··· Collected data ···
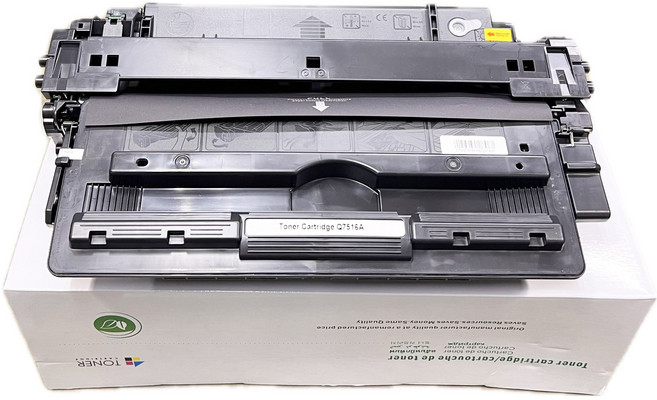 HP 惠普 Q7516A (16A) 相容碳粉匣 適用 5200/5200L/5200tn/5200n, 1個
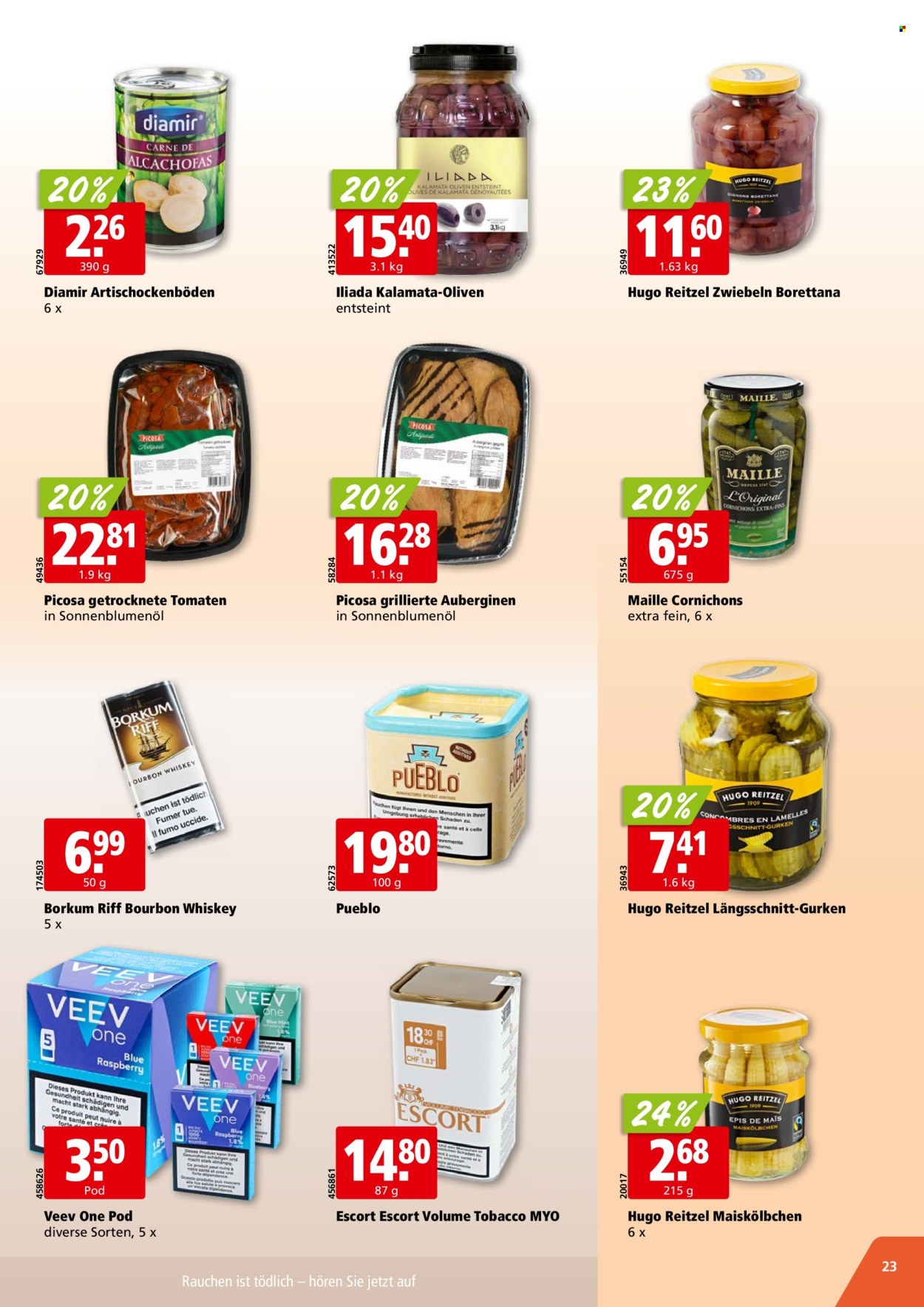 Catalogue ALIGRO - 3.11.2025 - 8.11.2025. Page 23. Page 23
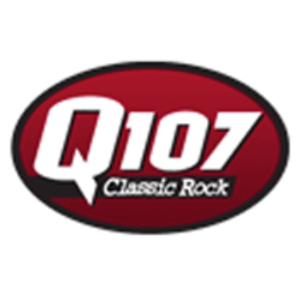 Luister naar Q 107 in de app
···
About this exercise →
Restate the data word for word, minus any images.

Result of the task →
 HP 惠普 Q7516A (16A) 相容碳粉匣 適用 5200/5200L/5200tn/5200n, 1個
 Catalogue ALIGRO - 3.11.2025 - 8.11.2025. Page 23. Page 23
 Luister naar Q 107 in de app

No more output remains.